# Just got uber delivery invite



## Reversoul (Feb 8, 2016)

The email said I was approved to be a delivery Driver for uber because I'm a "top rated driver". It said not to foward the email cause it was by invitation only. Any way, after a video and quiz, it said all I needed to do was visit the Atlanta office to pick up my hot bag which apparently requires a $17 deposit lol. Has anyone else in Atlanta gotten this email? It sounds much better than driving pax. I think packages and food will be much quieter and be less demanding. Though, I'll still have ride request too. Now I'll be getting delivery and ride requests.


----------



## andaas (May 19, 2015)

I received invite here in Dallas. Didn't sign up, DoorDash is enough for me and I don't have to deal with switching to passenger rides when my car smells like Chick-Fil-A.


----------



## Reversoul (Feb 8, 2016)

andaas said:


> I received invite here in Dallas. Didn't sign up, DoorDash is enough for me and I don't have to deal with switching to passenger rides when my car smells like Chick-Fil-A.


When I delivered pizzas, the food went in the trunk. As will be the case when I deliver food for uber. No smell in the car and the food doesn't fly off the seats.


----------



## Tequila Jake (Jan 28, 2016)

andaas said:


> I received invite here in Dallas. Didn't sign up, DoorDash is enough for me and I don't have to deal with switching to passenger rides when my car smells like Chick-Fil-A.


Agreed ... Even with Ozmium, I have to air my car out at least a half hour after DoorDash before taking passengers.

A Red Lobster call for fried shrimp makes it even longer.

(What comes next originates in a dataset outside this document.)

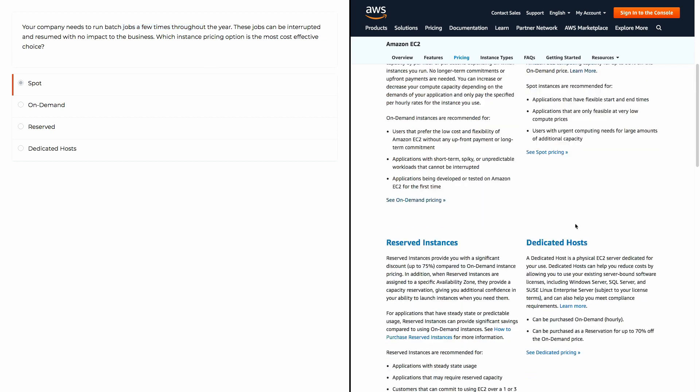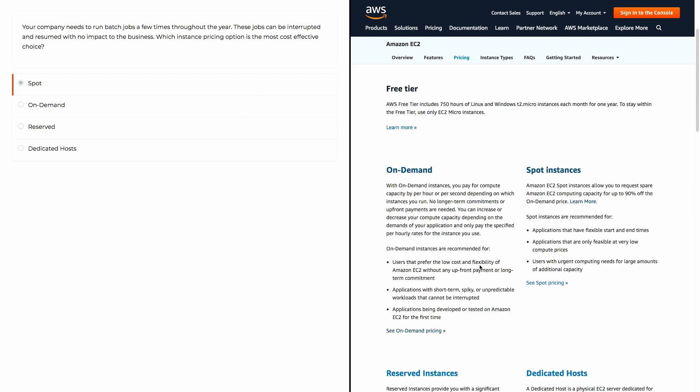Dedicated hosts would not be the option unless there was some specific reason that we had to run a dedicated host, like maybe there's a security requirement from our enterprise company. But the answer here is spot instances. So if you can handle an interruption in service, always choose spot instances.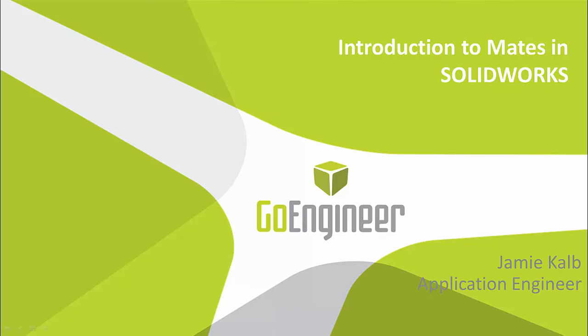I'm Jamie Kell, an application engineer at GoEngineer, and this is an introduction to mates in SOLIDWORKS.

FYI to the OP, PostMates gives you a hot bag for free and DoorDash only charges about $10. Or you can use your own if you happen to have one.


----------



## andaas (May 19, 2015)

DoorDash provided my bag for free also (Dallas).


----------



## nighthawk398 (Jul 21, 2015)

Reversoul said:


> When I delivered pizzas, the food went in the trunk. As will be the case when I deliver food for uber. No smell in the car and the food doesn't fly off the seats.


I have a SUV so the trunk space is pretty open to the car space


----------



## Teksaz (Mar 16, 2015)

I would rather have some food smell compared to some of the pax that I pick up. Straight up a$$ takes longer to dissipate than any fish you might pick up. 

Y'all makin any money delivering food?


----------



## andaas (May 19, 2015)

Food tips far more often than people. (No idea about food on Uber's platform, just speaking from other food platforms).

Just be careful with tips from soup, it's hard to get out of the carpet. *rimshot*


----------



## wethepeople (Oct 10, 2015)

yah.. I'm just asking myself : "did I really go that far to end up as delievery boy??
That's something I would consider if i was too young still to drive cabs, limos or real trucks.

For some people it may work, but not for me. I am high rated as well so I received the invitation for Access which is not more money and even more work than X, but helping people with disabilities at least feels good, so I am proud about the "extra" work


----------



## Yarddude11 (May 12, 2015)

Thats the only thing I liked about Uber was helping the disabled. Now we can kill them with pizza.


----------